Under the latest AWRS deadline, any retailer burying alcohol from a non-registered wholesaler may be liable to pay a criminal or civil penalty. In addition, any alcohol found in the premises of unregistered businesses may be seized, whether or not the duty has been paid and they could lose their alcohol licence altogether.

Speaking before the new rules came into effect, David Richardson of the WSTA described it as a “crucial” counter-fraud initiative that had taken considerable effort from all sides to bring into effect.

“The WSTA has supported the scheme from the outset and will continue to support the contribution of every company involved in its implementation.”

James Lowman, ACS chief executive said the scheme was designed to tackle the illicit alcohol market which has a direct, negative impact on responsible retailers.

“We expect the implementation of AWRS to be to everyone’s benefit,” he said.

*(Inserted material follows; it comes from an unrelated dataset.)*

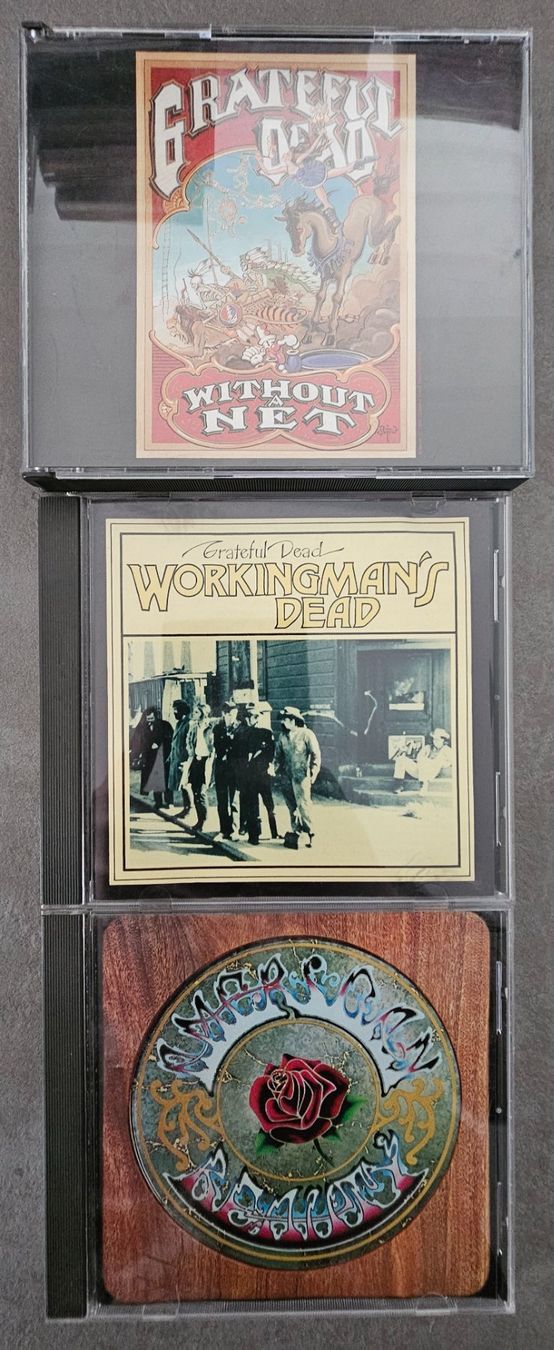 CDs: Grateful Dead CD's – Gebraucht aus Unterkulm von Chaplyn2018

Simon Doyle, General Manager at Concha y Toro UK, described the move as a “wholly positive initiative”, arguing that there was a “shared responsibility amongst suppliers, traders and retailers in the beers, wines and spirits category to address fraudulent practices across the supply chain.”

“There is a shared responsibility amongst suppliers, traders and retailers in the beers, wines and spirits category to address fraudulent practices across the supply chain. We expect the implementation of AWRS to be to everyone’s benefit.”

One Response to “AWRS comes into force for retailers”

  1. I am indebted to Drinks Business for knowing anything about AWRS at all. Early last year I tried to access the appropriate web-site by using government gateway account number that I use for VAT purposes. After a morning’s investigation it turned out I had to create another account number for the purposes of AWRS. By this time I had lost the will to live and got on with other things. The year took over. Thanks to another prod from Drinks Business early this year I managed to find the AWRS website and completed the application. I then had emails and a conversation with an officer and was told I had been late in applying. I did receive my AWRS number in good time before the scheme started last Saturday. Hadn’t I been a good boy? Not quite. The late application has resulted in a fine of £2,000, generously reduced from £10,000 as I had otherwise done the right things. I realise that I should have taken proper advice at the outset and I would have known that after 31st March last year I would have been seen to be ‘carrying out a controlled activity without an AWRS approval from HMRC.’ Funny. I must have been doing that for the last 40 years and nobody seemed bothered. An accountant customer who has worked for charities in the latter stages of his working life was able to give his take on HMRC. Small businesses are a soft target. Ignorance of the law is no defence. You could try talking them down, but If you appeal and fail you could end up paying more. ‘Don’t even think about not paying’, he added with pretend menace. ‘Don’t mess with these people. They hold all the cards’. I think I have got the message. Cough up when asked.